RECORDS SUPPLIED:
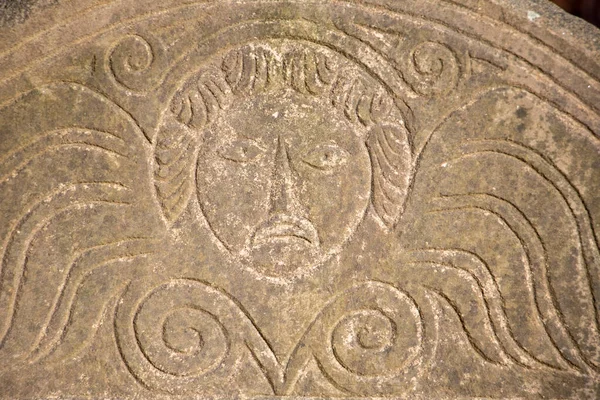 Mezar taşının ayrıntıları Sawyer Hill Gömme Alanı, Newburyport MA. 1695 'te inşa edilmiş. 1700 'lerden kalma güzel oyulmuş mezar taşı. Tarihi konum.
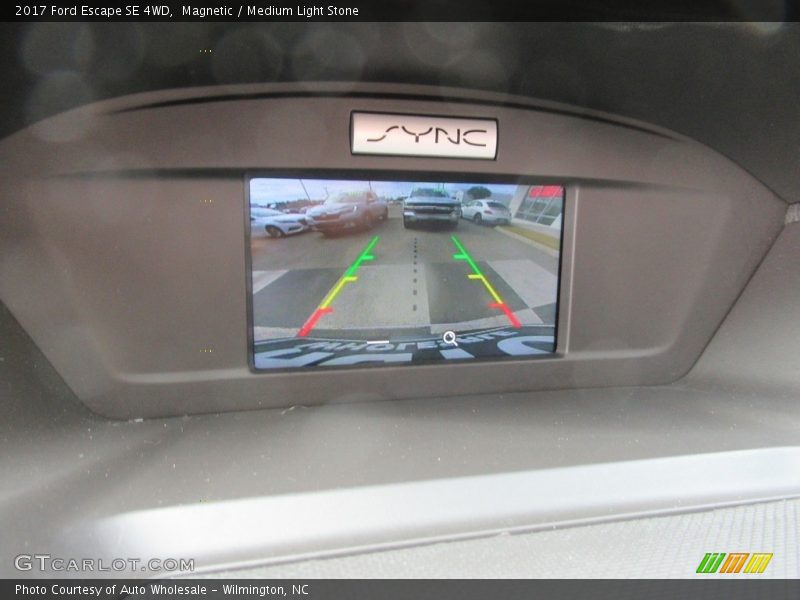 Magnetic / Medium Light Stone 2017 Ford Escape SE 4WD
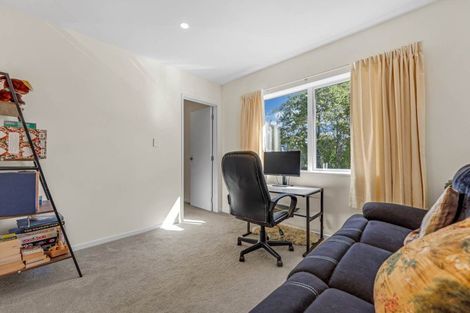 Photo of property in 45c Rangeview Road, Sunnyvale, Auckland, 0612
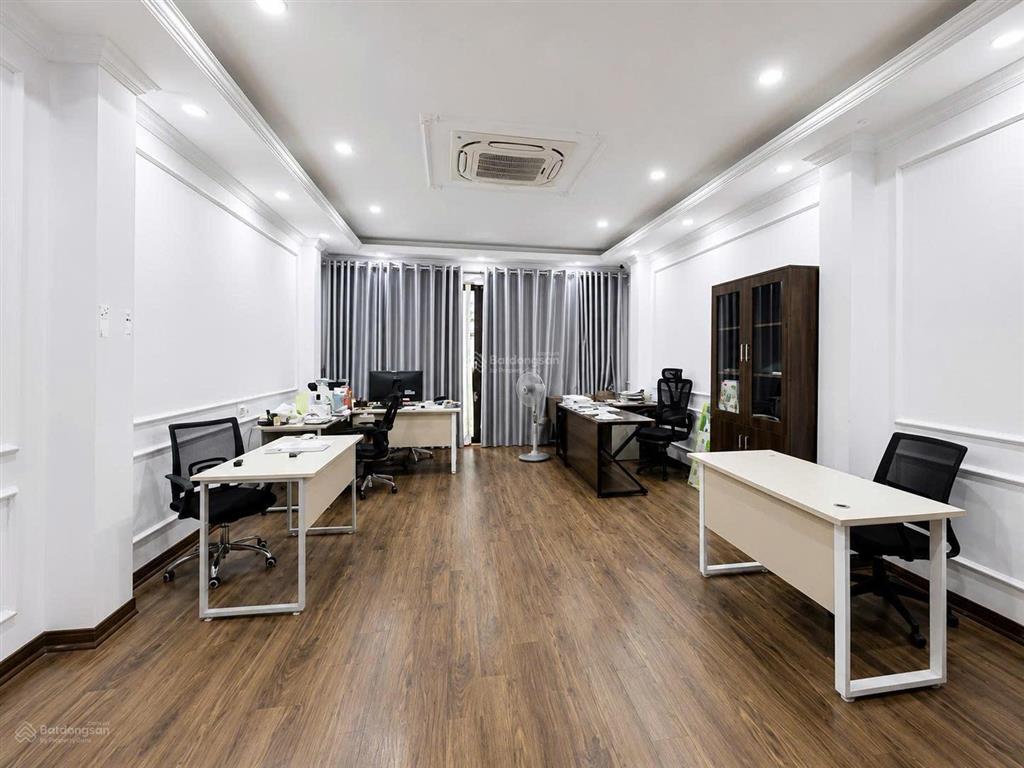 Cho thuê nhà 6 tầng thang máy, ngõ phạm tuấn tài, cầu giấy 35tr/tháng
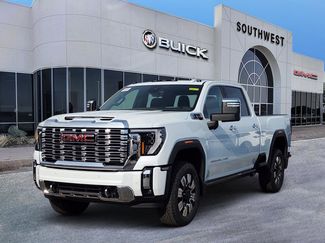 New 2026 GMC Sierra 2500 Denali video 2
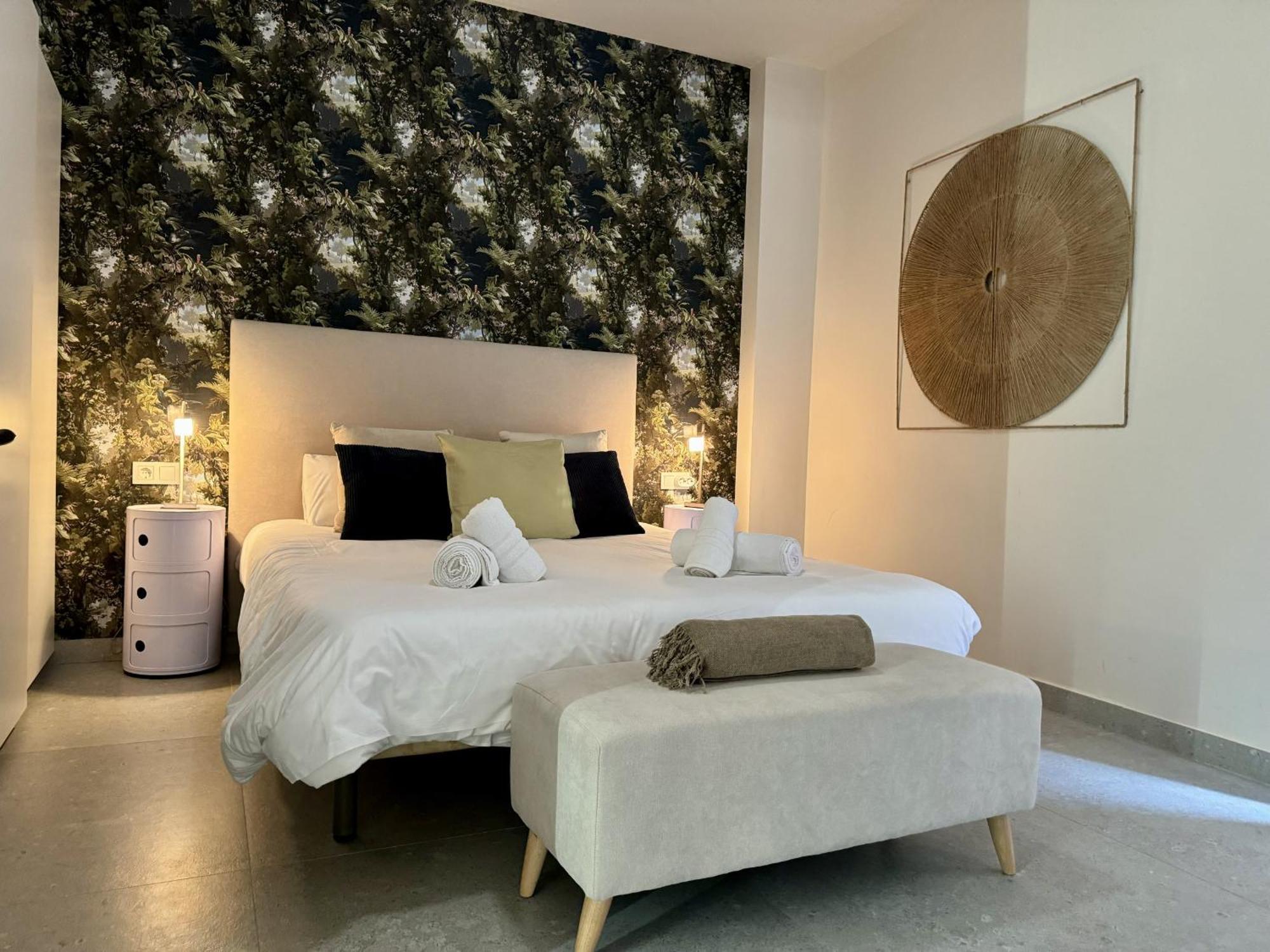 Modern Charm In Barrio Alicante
...
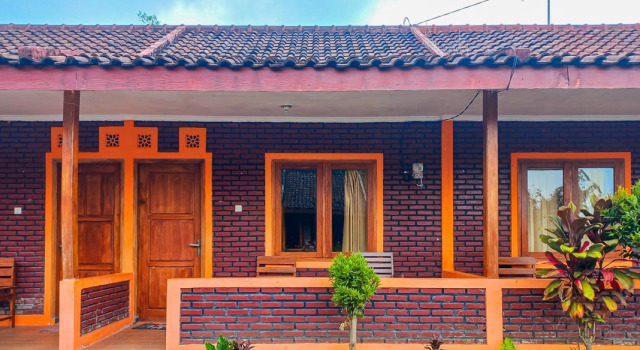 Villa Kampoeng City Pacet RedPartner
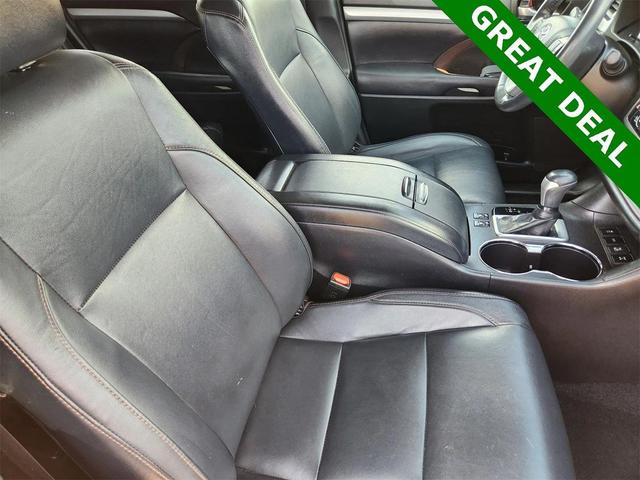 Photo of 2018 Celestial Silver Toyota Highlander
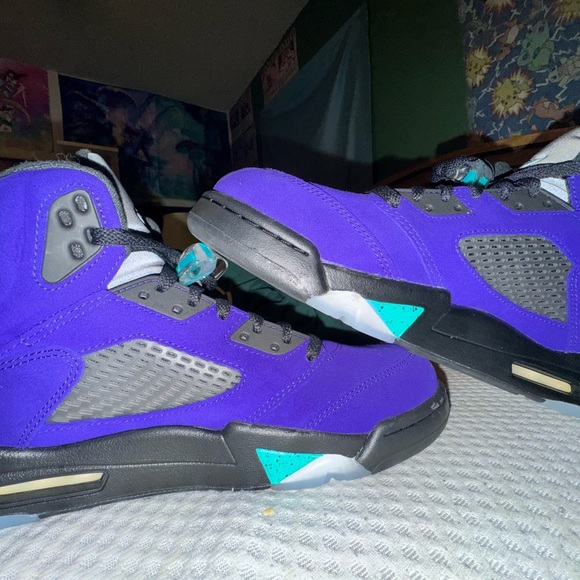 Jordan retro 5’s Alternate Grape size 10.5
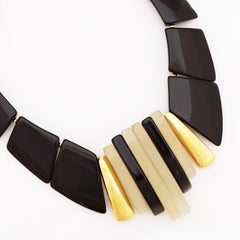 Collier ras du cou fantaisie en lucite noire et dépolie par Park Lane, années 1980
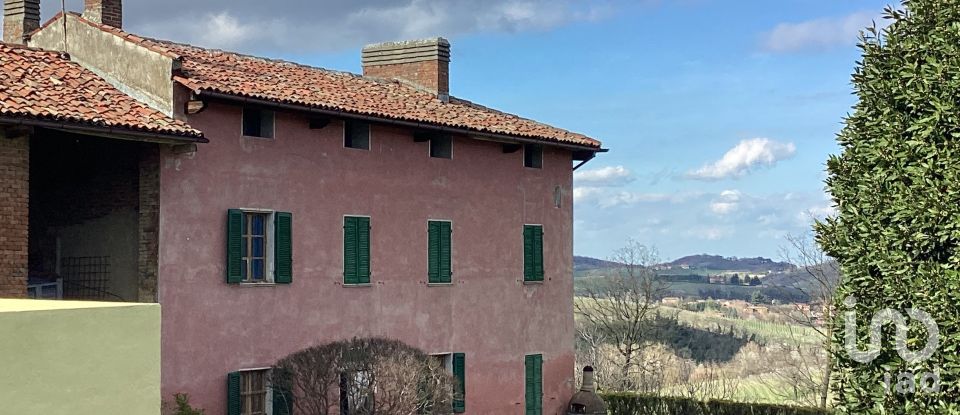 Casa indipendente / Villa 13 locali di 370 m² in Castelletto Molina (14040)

BRIEF: Above are the records. Copy word for word only their lines from the one holding "Mezar taşının ayrıntıları" through the one holding "Modern Charm In Barrio Alicante", both included, and skip the images.

REPLY TO THE TASK:
 Mezar taşının ayrıntıları Sawyer Hill Gömme Alanı, Newburyport MA. 1695 'te inşa edilmiş. 1700 'lerden kalma güzel oyulmuş mezar taşı. Tarihi konum.
 Magnetic / Medium Light Stone 2017 Ford Escape SE 4WD
 Photo of property in 45c Rangeview Road, Sunnyvale, Auckland, 0612
 Cho thuê nhà 6 tầng thang máy, ngõ phạm tuấn tài, cầu giấy 35tr/tháng
 New 2026 GMC Sierra 2500 Denali video 2
 Modern Charm In Barrio Alicante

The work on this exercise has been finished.